» **TASK REQUIREMENTS**
Exclude pictures; retype the lines below from the line containing "Kenneth Cole Reactions, size" through the end of the records, both ends kept.

Pictures with short captions:
# # # # #
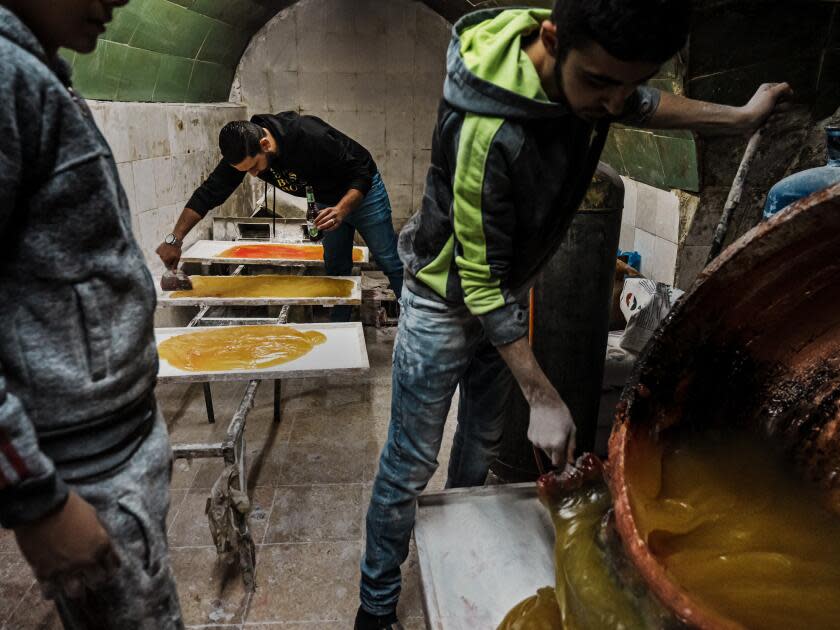 Turkish delight maker spreading out gelatin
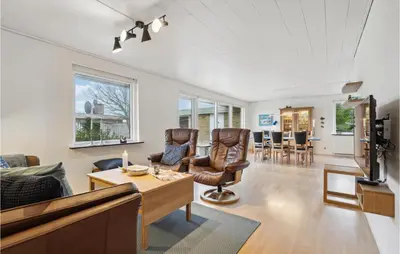 a living room with a couch and a table at 3 Bedroom Lovely Home In Vestervig in Vestervig
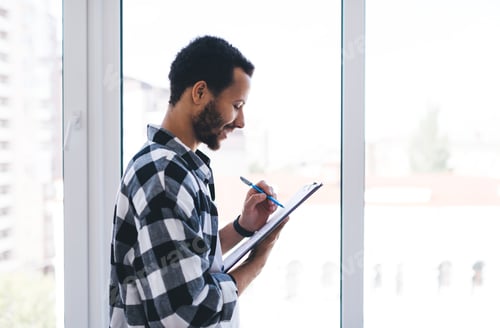 Preview: Successful Hispanic man with paperwork smiling
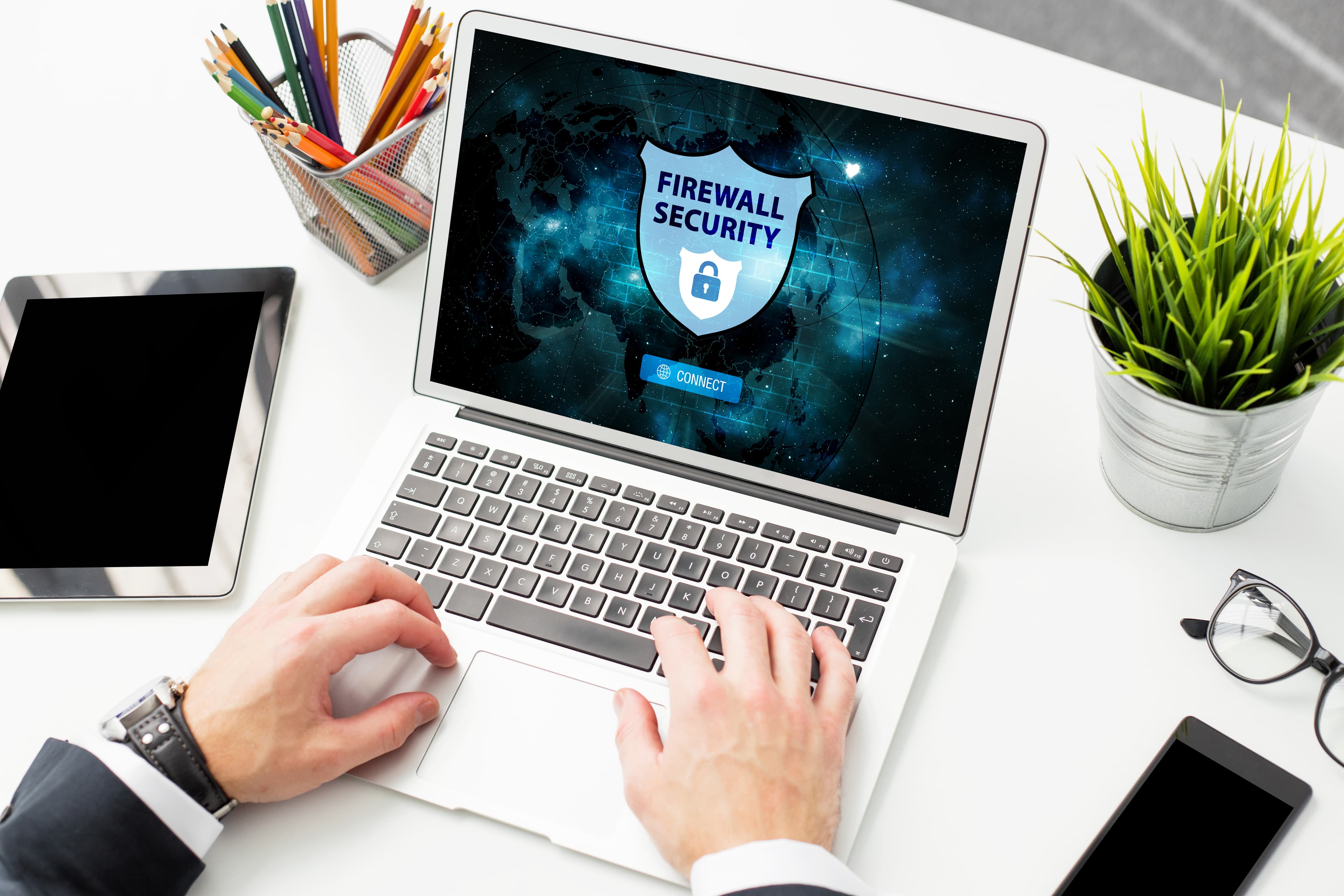 A person using a laptop displaying a cybersecurity interface, relevant to cyber insurance and 2025 Privacy Act amendments.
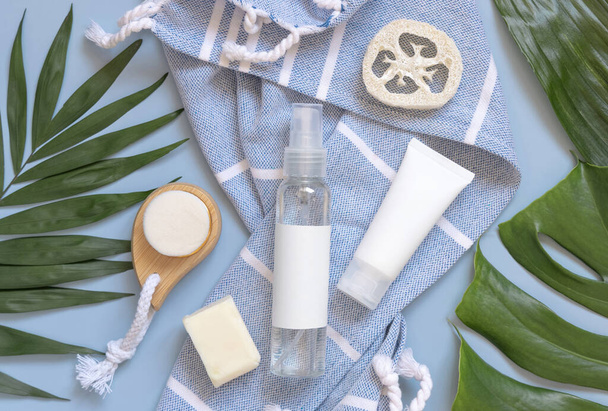 Transparent Refillable spray dispenser bottle and white cream tube on blue bath towel near body care accessories top view, copy space. Packaging mockup. Natural eco friendly Cosmetics - Foto, immagini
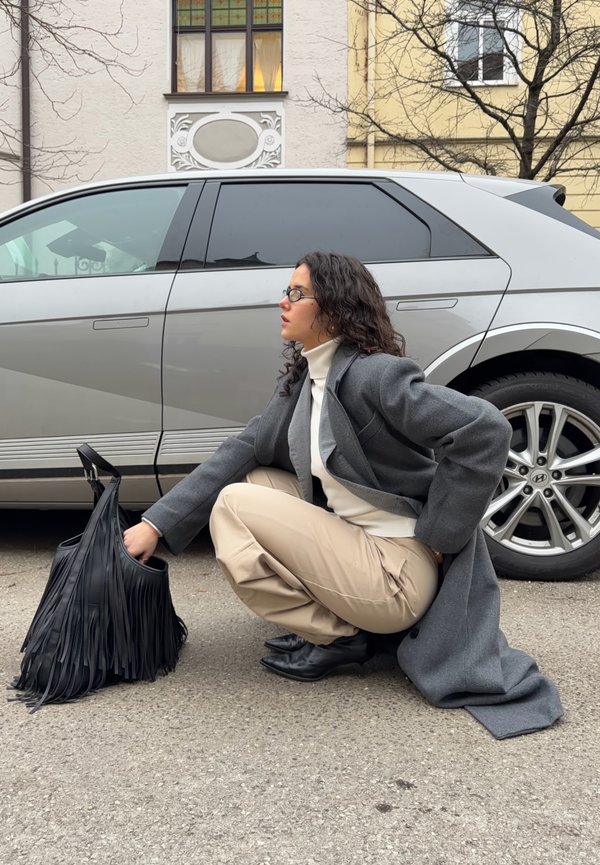 Femme aux cheveux bouclés et portant des lunettes accroupie à côté d'une voiture argentée, en train de fouiller dans un sac noir à franges, vêtue d'un manteau gris et d'un pantalon beige.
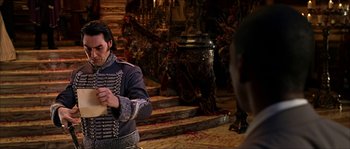 Movie still from “The Haunted Mansion” (2003), directed by Rob Minkoff – A man in a military uniform holding something in his hands; Medium shot, Over the shoulder angle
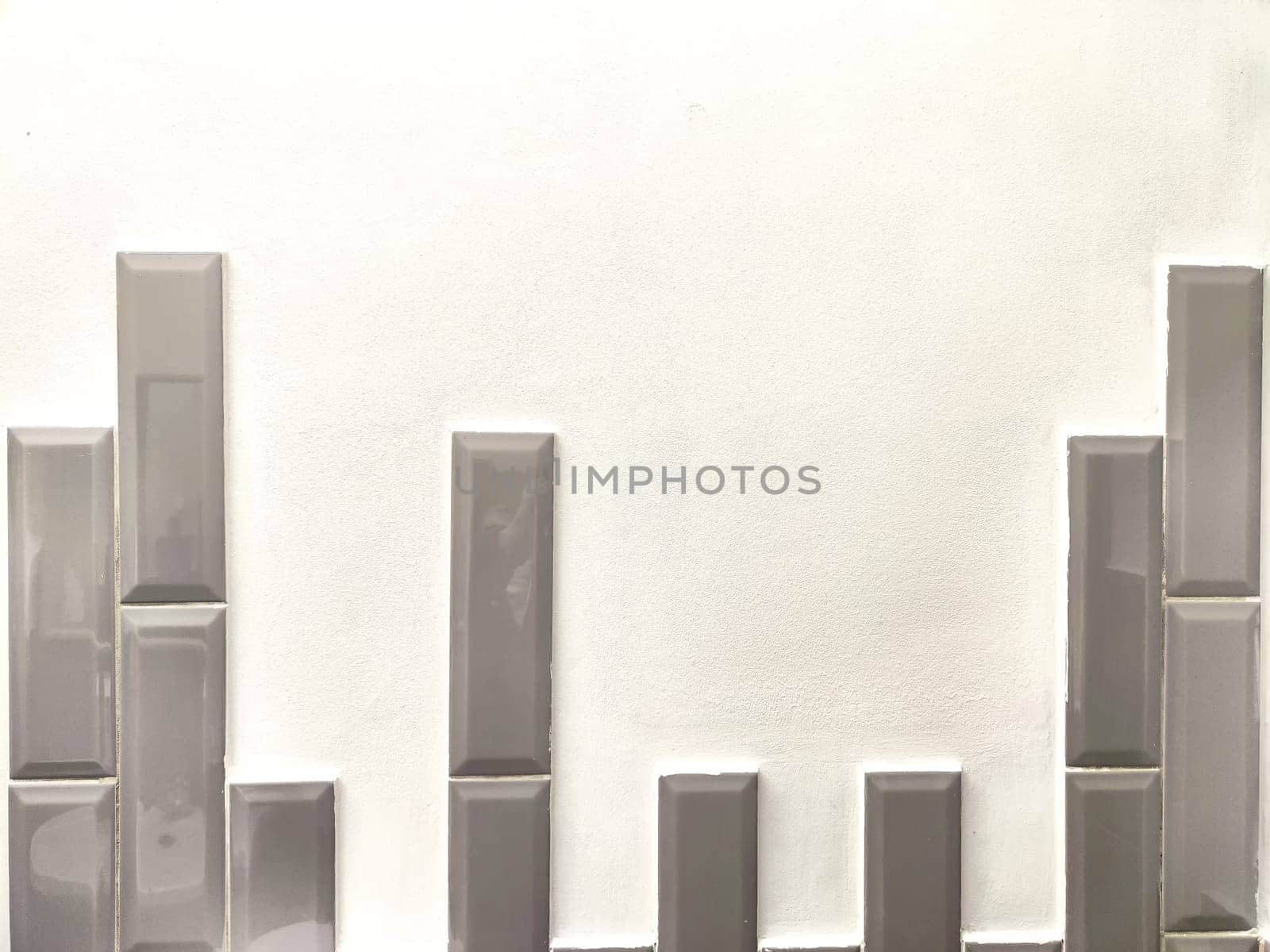 The texture is uneven teeth of gray new brick. The texture of stone wall. A piece of abstract brickwork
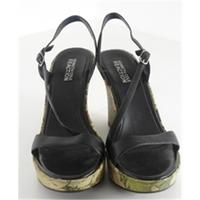 Kenneth Cole Reactions, size 4.5 black sandals with flower print wedged heels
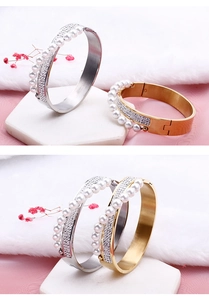 Close-up of gold and silver steel bangles featuring pearls and sparkling zircon pavé
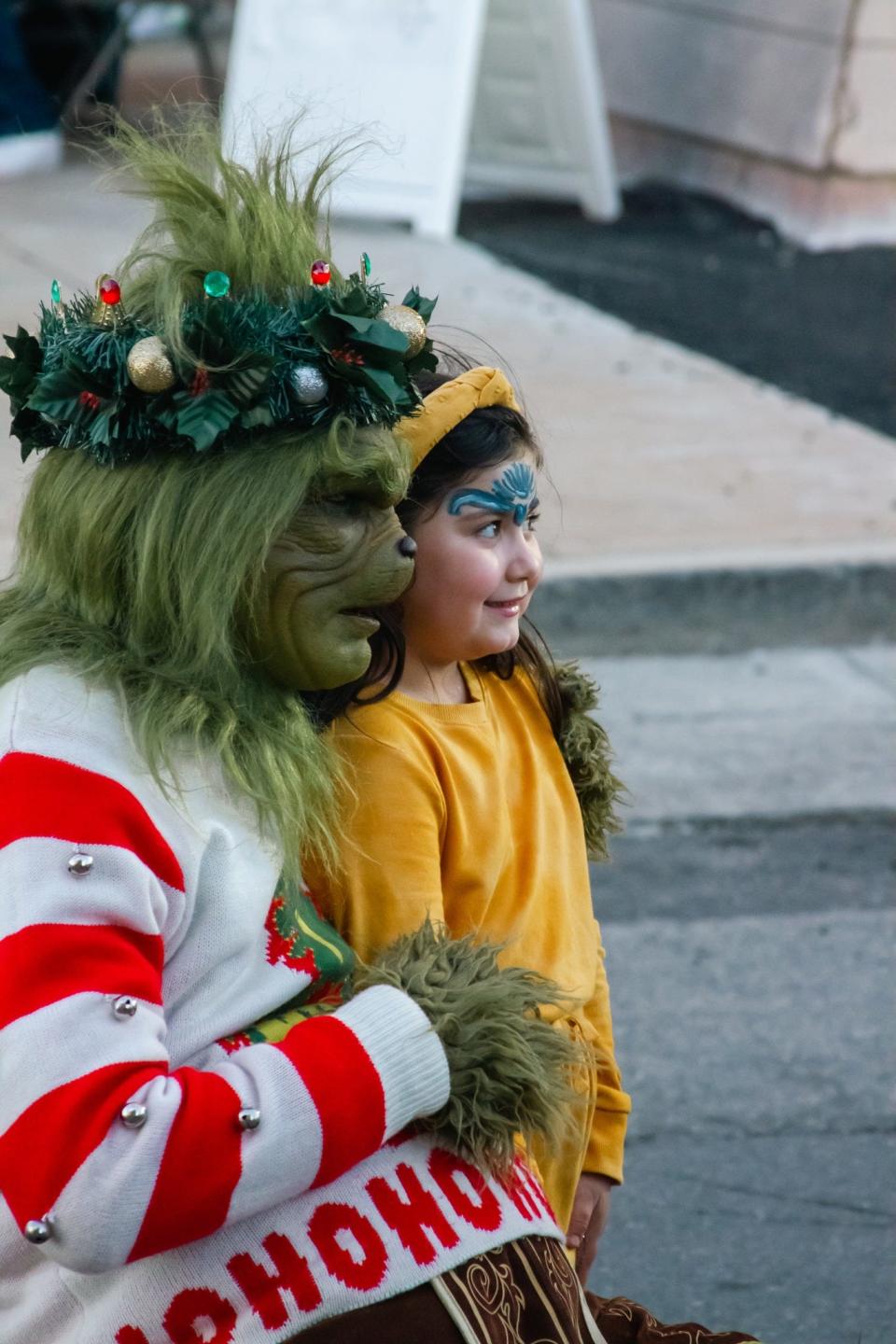The Grinch greets guests at a previous Thanksmas Market and Holiday Celebration in downtown Fall River.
# # # # #
» **ANSWER TO THIS PROBLEM**
 Kenneth Cole Reactions, size 4.5 black sandals with flower print wedged heels
 Close-up of gold and silver steel bangles featuring pearls and sparkling zircon pavé
The Grinch greets guests at a previous Thanksmas Market and Holiday Celebration in downtown Fall River.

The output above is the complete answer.